The ANU is set to play a significant role in guiding the future of the Web after being chosen as the new host of the World Wide Web Consortium (W3C) Australia Office.
The W3C is an international consortium of over 400 member organisations that work together to develop Web standards and guidelines to ensure the long-term growth of the Web.
Dr Armin Haller, who will become Manager of the W3C Australian Office, said it was a great honour for ANU to be chosen as host.
"The W3C is looking at broadening the Web, and this is where ANU will really come into play," he said.
"Where change is happening is in the vertical domains, and that's really interesting to us - things like Web payments, digital publishing, linked open data, Web of things and Web security - these are areas our researchers are already involved in."
Founded in 1994 by the inventor of the Web, Sir Tim Berners-Lee, W3C has overseen more than 345 technical standards that make the Web work.
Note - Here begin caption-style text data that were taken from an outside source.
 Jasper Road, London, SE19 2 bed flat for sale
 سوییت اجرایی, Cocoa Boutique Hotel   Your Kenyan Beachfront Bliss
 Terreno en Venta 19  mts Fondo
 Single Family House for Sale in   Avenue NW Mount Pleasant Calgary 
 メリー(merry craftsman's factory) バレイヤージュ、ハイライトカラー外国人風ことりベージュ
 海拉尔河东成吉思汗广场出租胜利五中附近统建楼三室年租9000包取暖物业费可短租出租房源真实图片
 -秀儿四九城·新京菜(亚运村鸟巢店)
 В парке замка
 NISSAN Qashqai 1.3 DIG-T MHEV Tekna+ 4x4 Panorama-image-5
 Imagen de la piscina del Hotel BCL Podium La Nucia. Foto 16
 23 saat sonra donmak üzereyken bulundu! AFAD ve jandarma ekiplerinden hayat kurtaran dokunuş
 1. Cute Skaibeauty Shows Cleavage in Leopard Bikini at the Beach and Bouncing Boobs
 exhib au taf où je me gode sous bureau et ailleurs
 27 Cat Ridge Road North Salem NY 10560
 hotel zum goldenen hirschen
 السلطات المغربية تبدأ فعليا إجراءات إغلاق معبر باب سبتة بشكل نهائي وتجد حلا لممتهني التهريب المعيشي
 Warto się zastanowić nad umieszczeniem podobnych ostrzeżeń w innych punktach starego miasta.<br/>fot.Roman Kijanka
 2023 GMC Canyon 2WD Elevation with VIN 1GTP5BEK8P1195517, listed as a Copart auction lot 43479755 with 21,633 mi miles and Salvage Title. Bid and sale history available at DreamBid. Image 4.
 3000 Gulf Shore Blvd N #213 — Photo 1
Its members include Microsoft, Apple, Google and Facebook.
In Canberra today, W3C Global Business Development Lead, J. Alan Bird, said ANU was the perfect fit for the consortium.
"After a comprehensive review of other universities and non-profit organisations in Australia, we have determined that ANU is the right partner to help W3C succeed in advancing its mission and serving the needs of key communities in technology, research, business and industry and government sectors in Australia," he said.
"We very much look forward to working with expert academic and professional staff from the ANU."
As the host of the W3C Australia Office, ANU will help develop relationships with Australian technology and policy leaders and promote the implementation of W3C standards in Australia.
"We are delighted to be selected to host the Australian office for W3C, an organisation that defines the international standards of the World Wide Web and shapes the future of the Web," said Professor Shirley Leitch, Dean of the ANU College of Business and Economics.
"This will give our staff and researchers a voice and the opportunity to work with influential groups and companies such as Google, Microsoft, Alibaba and Apple."
Professor Elanor Huntington, Dean of the ANU College of Engineering and Computer Science said the University will integrate ideas and developments from the W3C into its teaching.
"As an office of the W3C, ANU will be positioned at the forefront of the very latest developments and ideas in Web technologies," she said.
"World Wide Web technologies have revolutionised the way we all operate, including the research we are doing at the ANU into information retrieval, the mobile Web, Web eye gaze technologies and social networks," Professor Huntington said.